DevOps: how we got here

Developer toolset

From the developer point of view, there are some tools involved in the source-to-deploy process

  • Source control management tools: Subversion, Git, Mercurial, Perforce,…
  • Build tools: Maven, Ant, Ivy, Buildr, Graddle, Rake,…
  • Continuous Integration tools: Continuum, Jenkins, Hudson, Bamboo,…
  • Repository (Artifact) management tools: Archiva, Nexus, Artifactory,…

The #1 programmer excuse for legitimately slacking off: My code is compiling

When everything is set together, we can have a CI schedule that is building automatically the changes from the SCM as they are committed, deploying to an artifact repository the result of the build or sending a notification if there is any error. Everything fully automated. A change is made to SCM, the CI server kicks in, builds and runs all sort of tests (unit, functional, integration,…) while you go off for a sword fight with your coworkers.

Now what? somebody sends by email the tarball, zipfile,… to the operations team? oh, no that would be too bad. Just send them the url to download it… And even better send some instructions, a changelog, upgrade task list,…

What developers do today to specify deployments and target environments is not enough. 

The simplest solutions are often the cleverest. They are also usually wrong.

Using tools like Maven in the Java world or Bundle in Rubyland you can explicitly list all the dependencies and versions you need. But there are some critical dependencies that are never set.

It is just too simple.

Packages installed, C libraries, databases, all sort of OS and service level configuration,… That’s the next level of dependencies that should be explicitly listed and automated.

For example, think about versions of libc, postgresql, number of connections allowed, ports opened, opened file descriptors limit,…

Operations

Requirements

From the point of view of the operations team the number of requirements is complex: operating system, kernel version, config files, packages installed,…

And then multiply that for several stage configurations that most likely won’t have the exact same configurations.

  • dev
  • QA
  • pre-production
  • production

Deployment

Deployment of the artifacts produced by the development team is always a challenge

  • How do I deploy this?
  • Reading the documentation provided by the development team?
  • Executing some manual steps?

That is obviously prone to errors

Cloud

It’s nothing new but it has increased with the proliferation of Cloud based environments, making it easier and easier to run dozens or hundreds of servers at any point in time.
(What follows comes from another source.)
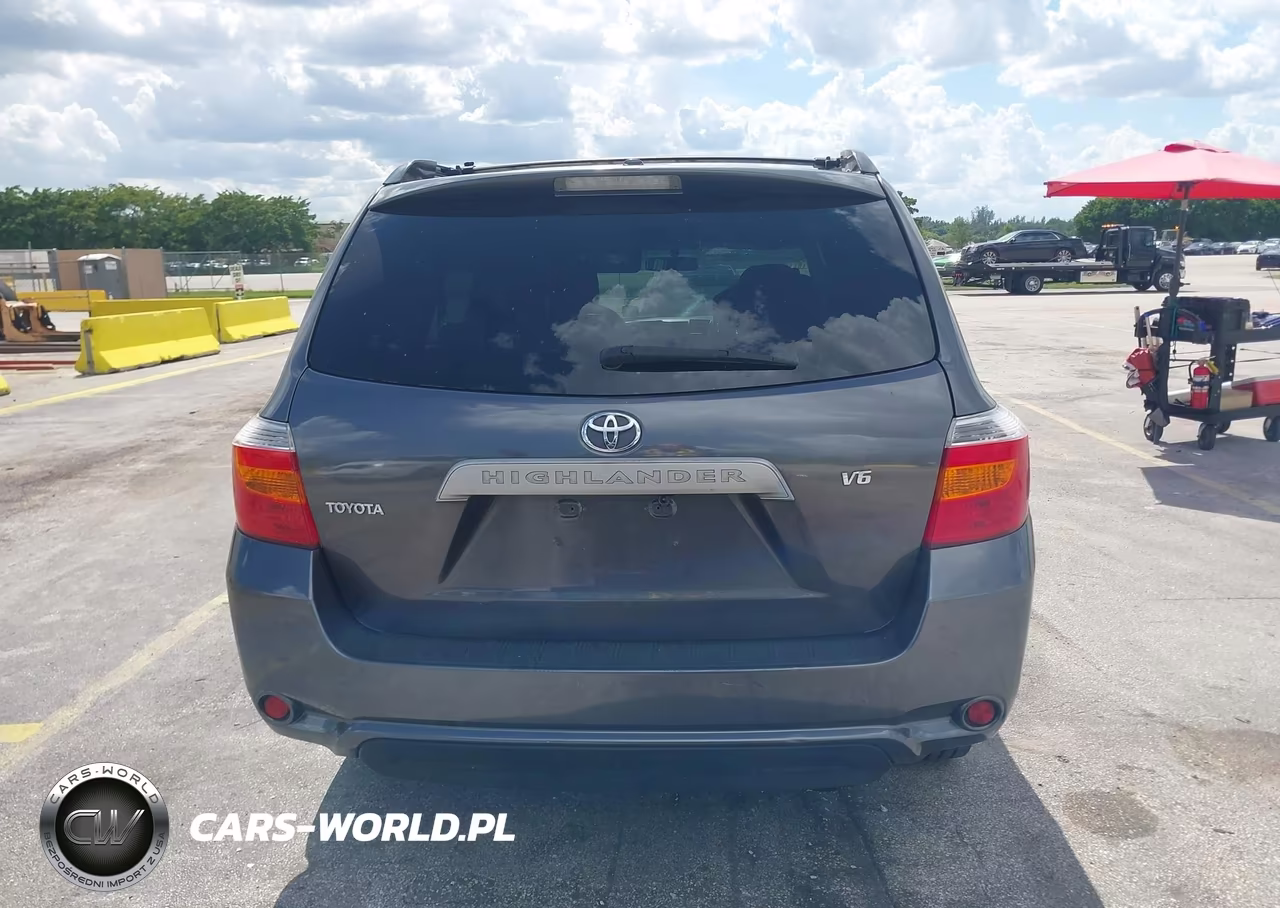 2009 Toyota Highlander VIN:JTEDS41A492073072 - 16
Even knowing how to deploy to one server, how is it deployed to all those servers? what connections need to be established between servers? how is it going to affect the network?

About: DevOps

This is the start of a (hopefully) series of posts about DevOps, based on my presentation From Dev to DevOps.
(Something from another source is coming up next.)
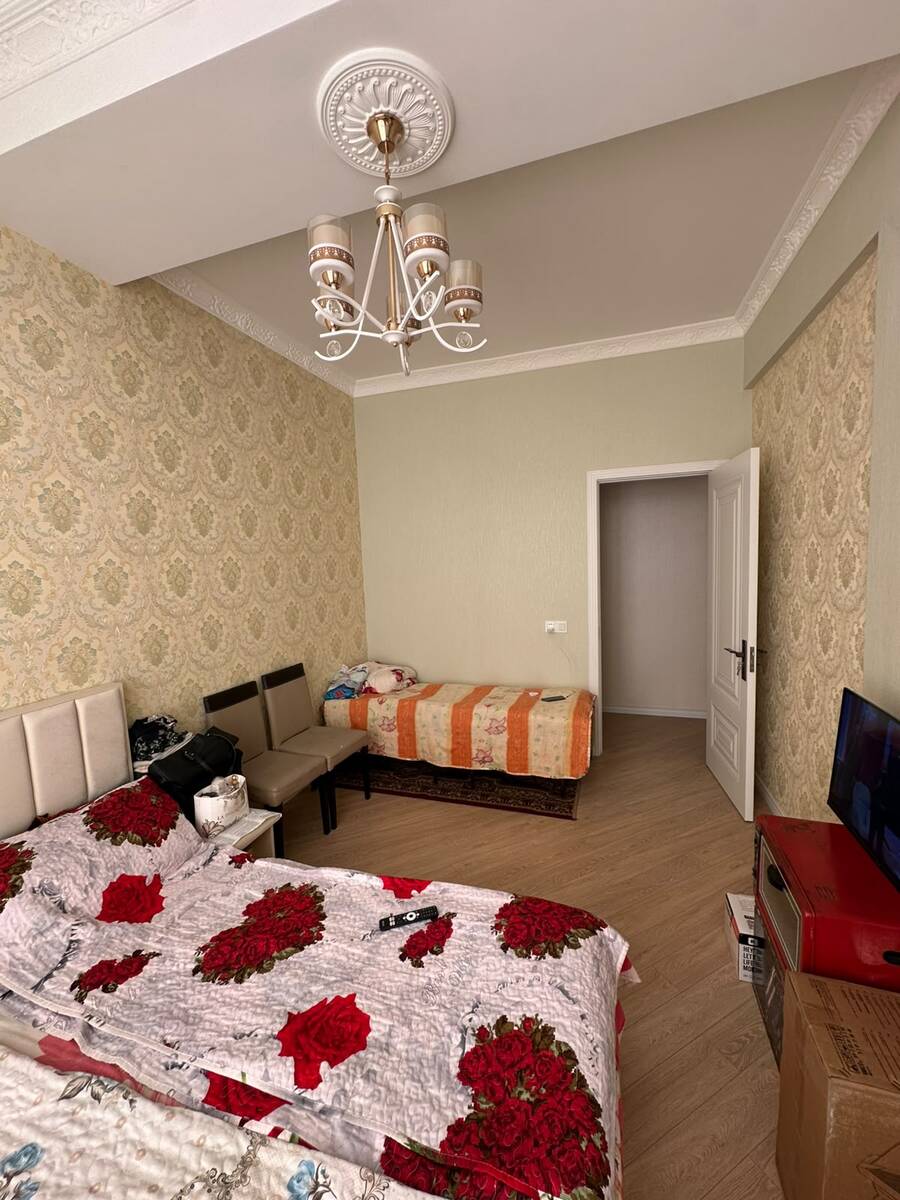 Satılır 2 otaqlı yeni tikili 84 m² — Mənzil, Bakı (2)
The Agile movement stablished a series of development practices quite common nowadays, or at least highly desired:

  • planning
  • iterative development
  • continuous integration
  • release soon, release often

But what happens after the development cycle? The process of building software or products does not stop there. Even if you are an agile shop, you may hit a wall when trying to move between Development, QA and Operations.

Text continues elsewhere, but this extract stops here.